• **Brief**: In the records below, find the line containing "Whisky Cragganmore 12YO" and repeat it and every line after it exactly, without pictures.

• **Provided records**:
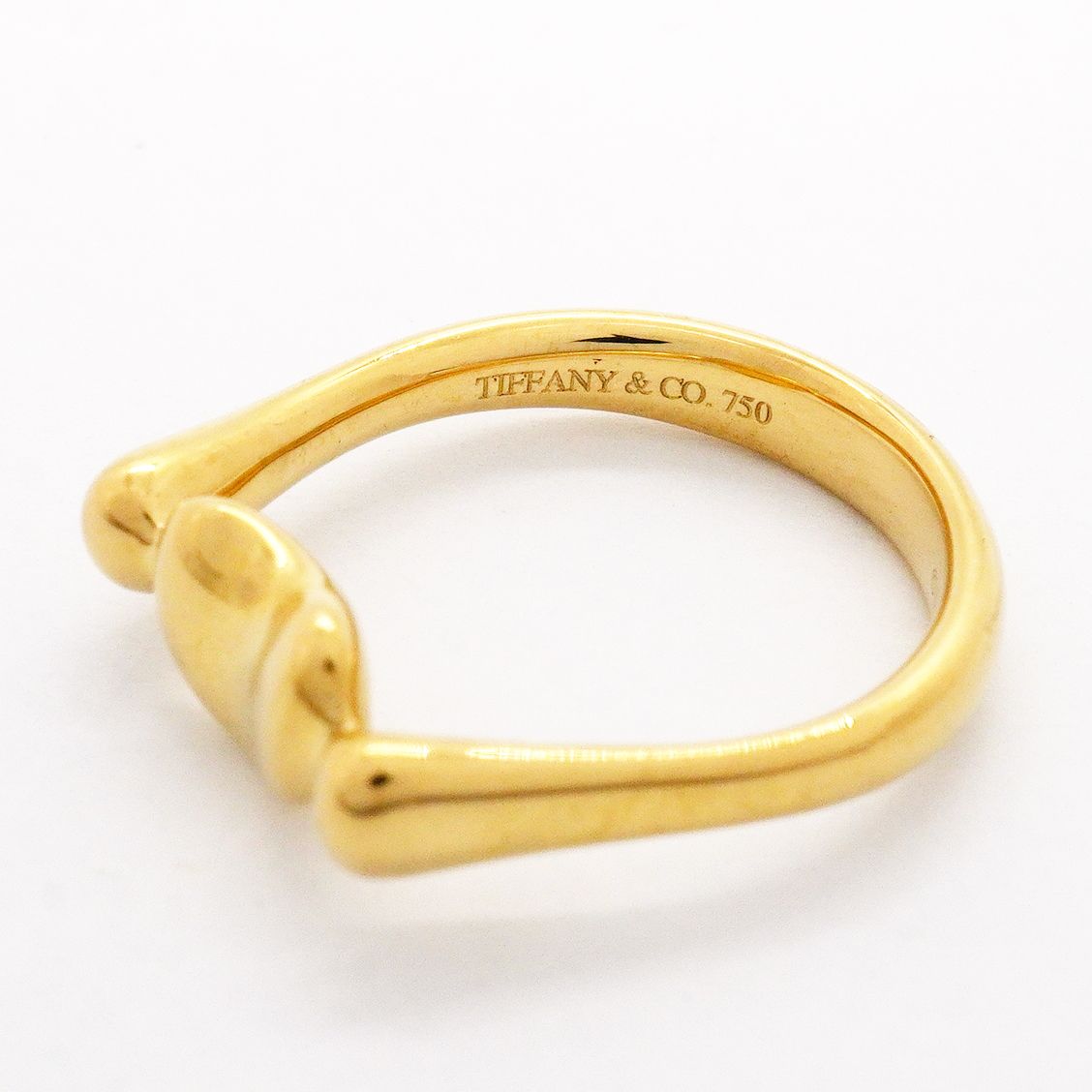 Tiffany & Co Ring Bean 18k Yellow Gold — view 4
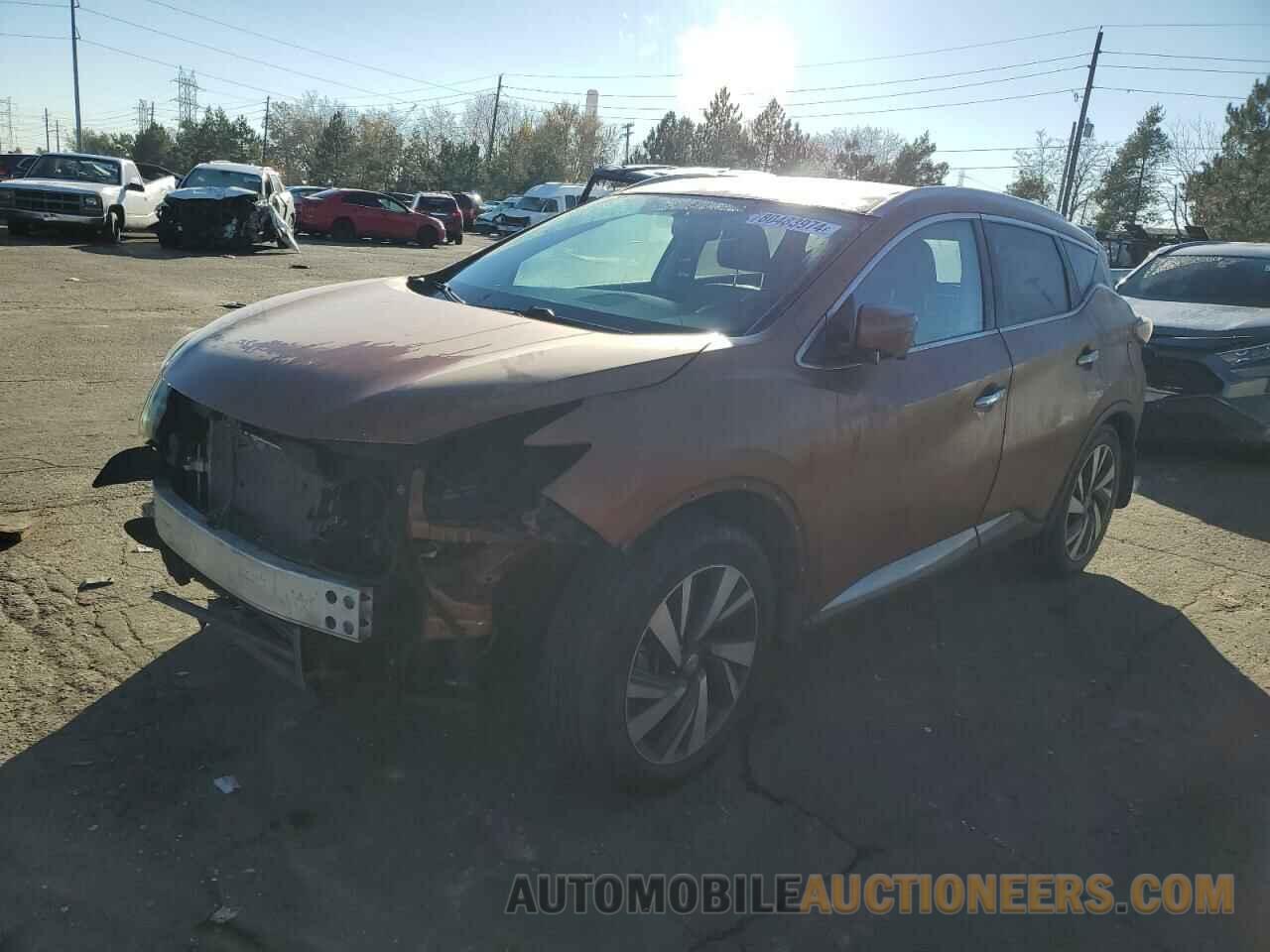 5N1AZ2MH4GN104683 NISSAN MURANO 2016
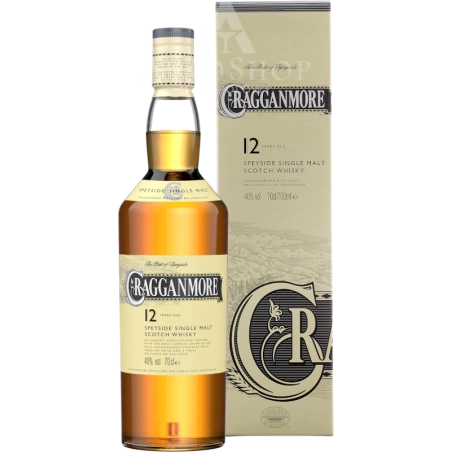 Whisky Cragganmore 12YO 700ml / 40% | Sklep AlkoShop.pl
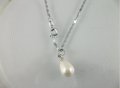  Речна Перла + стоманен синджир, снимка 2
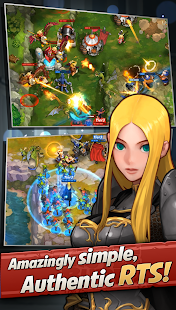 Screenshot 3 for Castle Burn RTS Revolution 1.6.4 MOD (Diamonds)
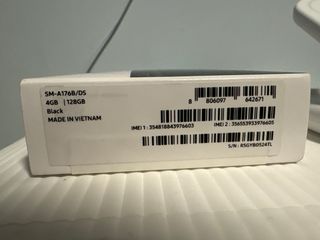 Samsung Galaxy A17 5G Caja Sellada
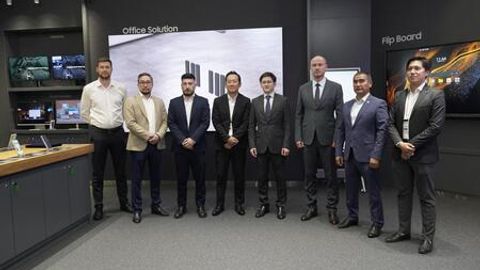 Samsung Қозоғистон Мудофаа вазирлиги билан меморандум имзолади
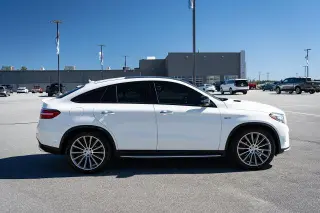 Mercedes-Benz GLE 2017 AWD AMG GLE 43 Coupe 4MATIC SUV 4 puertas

• **Written reply**:
 Whisky Cragganmore 12YO 700ml / 40% | Sklep AlkoShop.pl
  Речна Перла + стоманен синджир, снимка 2
 Screenshot 3 for Castle Burn RTS Revolution 1.6.4 MOD (Diamonds)
 Samsung Galaxy A17 5G Caja Sellada
 Samsung Қозоғистон Мудофаа вазирлиги билан меморандум имзолади
 Mercedes-Benz GLE 2017 AWD AMG GLE 43 Coupe 4MATIC SUV 4 puertas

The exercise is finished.